Leonardo also commenced his famous notebooks (or codices) filling between 20,000 and 30,000 densely filled pages packed with ideas, sketches, creations, maps and thoughts. Leonardo was a pioneer in virtually every field he studied and researched – an unmatched achievement in human history.

Broken up and sold over time, only 7,000 pages exist stored in twelve modern codices and held by various libraries and institutions (and one by Microsoft’s Bill Gates and one by The Queen of England) around the world. Most have been scanned and can be viewed through the internet to see the unusual mind of Leonardo – the same page potentially containing an anatomical sketch of a limb, notes on water flow and a drawing in preparation for a painting.

When virtually everyone wrote right-handed, Leonardo’s famously wrote left-handed and in a perfect mirror-script. Experts argue as to whether this was for a sense of secrecy or the practical reason of not smudging the ink before it dried.

On one page, Leonardo recorded his observations of fossils suggesting correctly that they were ancient creatures preserved by time. His notes include the identification of tracks and burrows left behind by ancient creatures, controversially against the teachings of the church (who claimed it was either from the Great Flood or simply bits of coincidental rock) and hence never spread beyond his notebook. Such ideas would only be matched by modern naturalists hundreds of years later.

On another page is the familiar Vitruvian Man highlighting the proportions of man (now in the Accademia in Venice) while another details a fully functioning robot capable of playing drums automatically.

I have sighted several of these codices though sadly most only go on display for special events. Codex Arundel at the British Museum and Codex Windsor at Windsor Castle are the most likely to be on public display while Bill Gates loans his codex on an annual display somewhere in the world. The two in Milan at the Ambrosiana Library (largest codex) and Sforza Castle are rarely sighted.

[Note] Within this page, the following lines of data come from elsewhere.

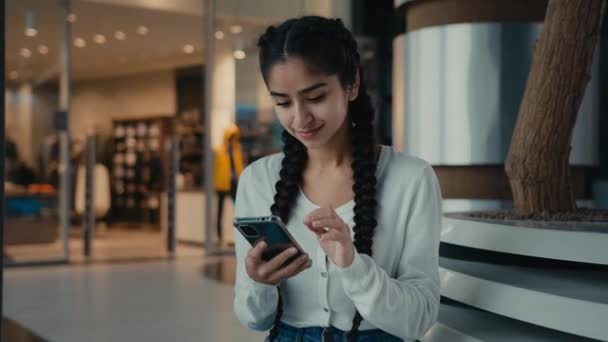Emotionele Verbaasd Winnaar Arabische Vrouw Shopper Gebruik Smartphone Apps Winkelen — Stockvideo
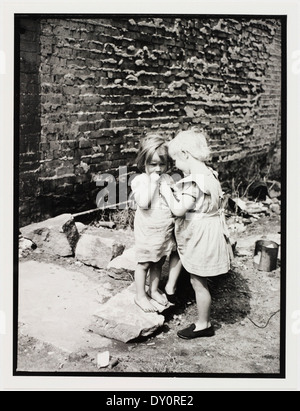 Kinder in Sydney Slums, hauptsächlich Surry Hills, Woolloomooloo, Redfern, 1949 von Ted Hood Stockfoto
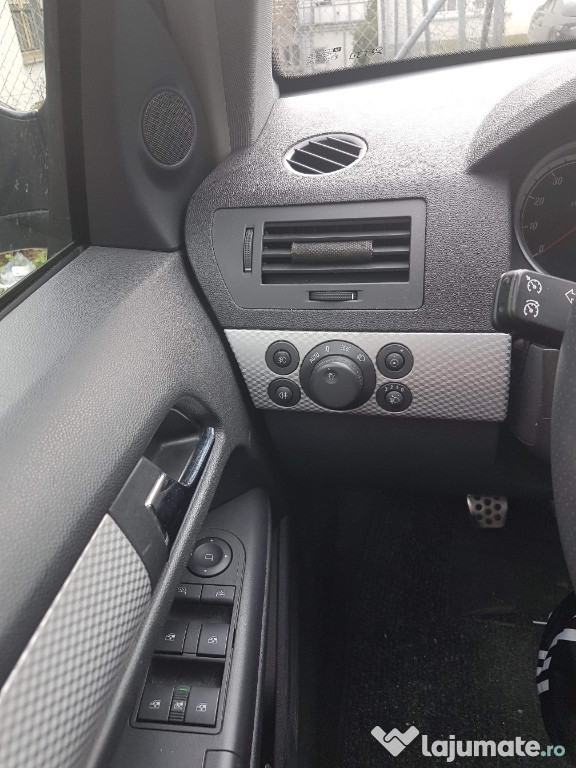 Opel astra h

The highlight in Milan is undoubtedly Leonardo’s extraordinary Last Supper painted on a wall of the dining hall of the monastery at Santa Maria delle Grazie (visits are limited to a strict 15 minutes and only accessible by ticket – buy them well in advance online).

The outstanding Milan National Science and Technology Museum includes a rich selection of models from Leonardo’s notes highlighting paddle boats, gliders, cars, winches and cranes with notes from his pages showing the original drawings.

A cruise on The Milan canals (sadly many are now filled in) reveals much of Leonardo’s thinking at work. While the canals existed well before Leonardo’s time, he dramatically improved and interconnected them with the development of lock designs and sluices some of which remain in usage in Milan today.

Sforza Castle remains a major landmark in Milan, highlighting the power of the dukes in the middle ages. Today it hosts a number of museums and art galleries. Leonardo assisted in designing the defences of the castle (including a moat, now grassed) and decorated the Tower Room (sala delle asse) which was eventually given to him as his own private room. Leonardo constructed a bridge over the moat to gain access and decorated the room with an exceptional (but heavily restored) fresco of eighteen willow trees with a single golden rope intertwined and looped through the branches and the Sforza coat of arms in the centre.

Milan is an elegant city based on its unusual mix of fashion and finance, often excluded on Italian itineraries for the popular Florence, Rome and Venice. For those seeking the treasures of Leonardo, it highlights a number of elements of Leonardo’s life at the time when Leonardo was at his most prolific and inspirational.

The final part takes up Leonardo's last years in France.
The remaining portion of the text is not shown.